The young Zaichun witnessed these solemn rites with a child’s confusion. He participated in the ceremonies, performing the required three kneelings and nine prostrations, placing ritual objects like jade scepters and embroidered pouches into the golden “zi” coffin made of precious nanmu wood. The coffin’s unique Manchu design, resembling a small house with a gabled roof and adorned with Buddhist mantras, reflected the cultural synthesis of Qing imperial traditions.
A Child Emperor’s Burden
Overnight, six-year-old Zaichun became the Tongzhi Emperor, though he barely understood what this meant. The immediate changes in how people treated him – even his own mothers now addressed him formally as “Your Majesty” – confused the young boy. Most distressing was the sudden loss of freedom; where his father had enjoyed absolute authority, the new emperor found himself constantly restrained by the regents and his mothers.
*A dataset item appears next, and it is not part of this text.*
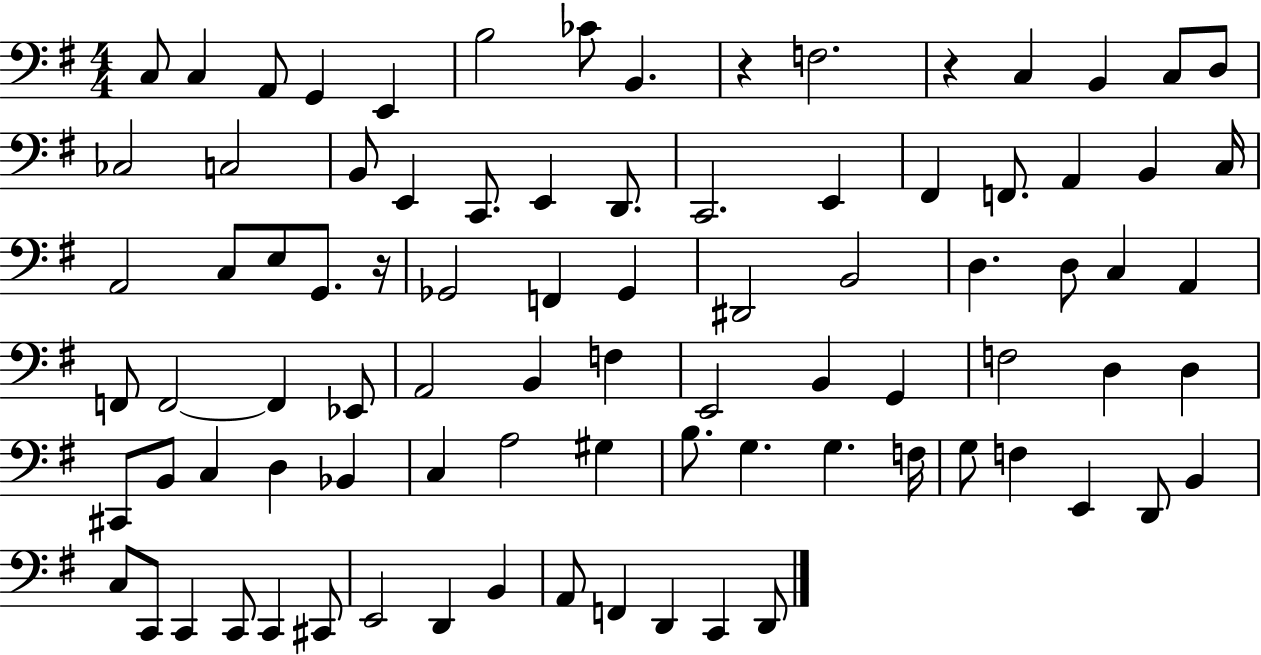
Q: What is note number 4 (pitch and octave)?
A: G2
The two dowager empresses – his birth mother Noble Consort Yi (now Empress Dowager Cixi) and the senior Empress Dowager Ci’an – recognized the need to educate their imperial charge. During one memorable lesson, when the boy asked if he could go play, Cixi sternly rebuked him, citing the examples of the great child emperors Shunzhi and Kangxi who had ruled successfully at similar ages. The psychological pressure on the young sovereign became evident when, during a heated political debate between the dowagers and regents, the terrified boy wet himself in fear.
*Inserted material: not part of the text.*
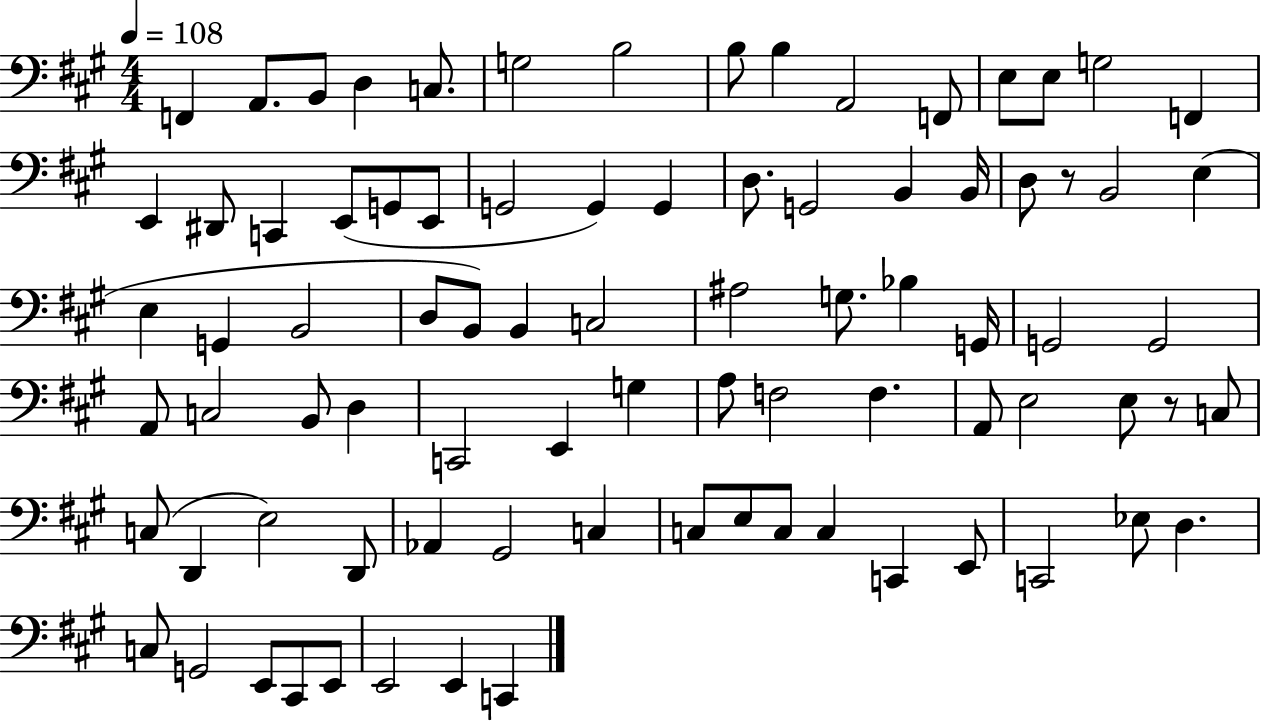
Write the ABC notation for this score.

The Power Struggle Behind the Throne
The political tensions surrounding the child emperor’s accession reached a boiling point over the memorial submitted by censor Dong Yuanchun, who boldly suggested that the dowager empresses should govern from behind a screen (a practice known as “curtain governance”) and that imperial princes should assist in administration. This proposal sparked furious opposition from the eight regent ministers led by Su Shun, who believed they alone should guide the young emperor.
The dramatic confrontation between Empress Dowager Cixi and Su Shun revealed the deep fractures in Qing leadership. As voices rose and tempers flared, the frightened child emperor trembled in Empress Dowager Ci’an’s arms, his involuntary urination symbolizing the court’s loss of dignity and control. This incident, recorded in official histories, marked a turning point in the power struggle that would soon erupt into open conflict.
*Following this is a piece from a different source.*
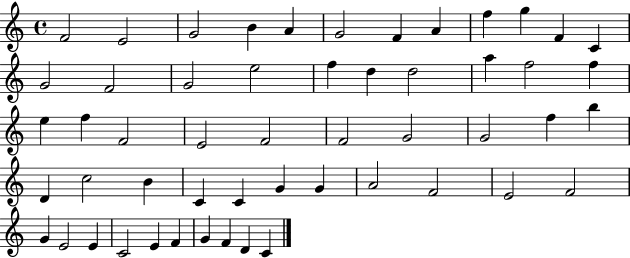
F4/h E4/h G4/h B4/q A4/q G4/h F4/q A4/q F5/q G5/q F4/q C4/q G4/h F4/h G4/h E5/h F5/q D5/q D5/h A5/q F5/h F5/q E5/q F5/q F4/h E4/h F4/h F4/h G4/h G4/h F5/q B5/q D4/q C5/h B4/q C4/q C4/q G4/q G4/q A4/h F4/h E4/h F4/h G4/q E4/h E4/q C4/h E4/q F4/q G4/q F4/q D4/q C4/q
The Three Terrors of Chengde
For the young emperor, Chengde became associated with three traumatic experiences that shaped his early reign. First was the terrifying memory of the imperial family’s chaotic flight from Beijing during the Anglo-French invasion of 1860 – a humiliating journey marked by discomfort, hunger, and collective weeping as they abandoned the Summer Palace to its fate.
The second terror was witnessing his father’s agonizing death – the staring eyes, the incomprehensible whispers, and the sudden transformation of a parent into a ritual object. The third terror emerged from the constant political battles between his mothers and the regents, arguments that left the sensitive boy trembling and having nightmares.
These experiences made the young emperor eager to return to Beijing’s Forbidden City, though the beloved Summer Palace now lay in ruins, burned by Anglo-French forces. The psychological impact of these childhood traumas would reverberate through his short reign and beyond.
The Legacy of Xianfeng’s Passing
Emperor Xianfeng’s death and his son’s tumultuous accession marked a critical juncture in Qing history. The power vacuum created by the child emperor’s minority led directly to the famous Xinyou Coup of 1861, in which Empress Dowager Cixi outmaneuvered the regents to establish her unprecedented “behind the curtain” governance. This event set the pattern for late Qing politics and Cixi’s decades-long dominance.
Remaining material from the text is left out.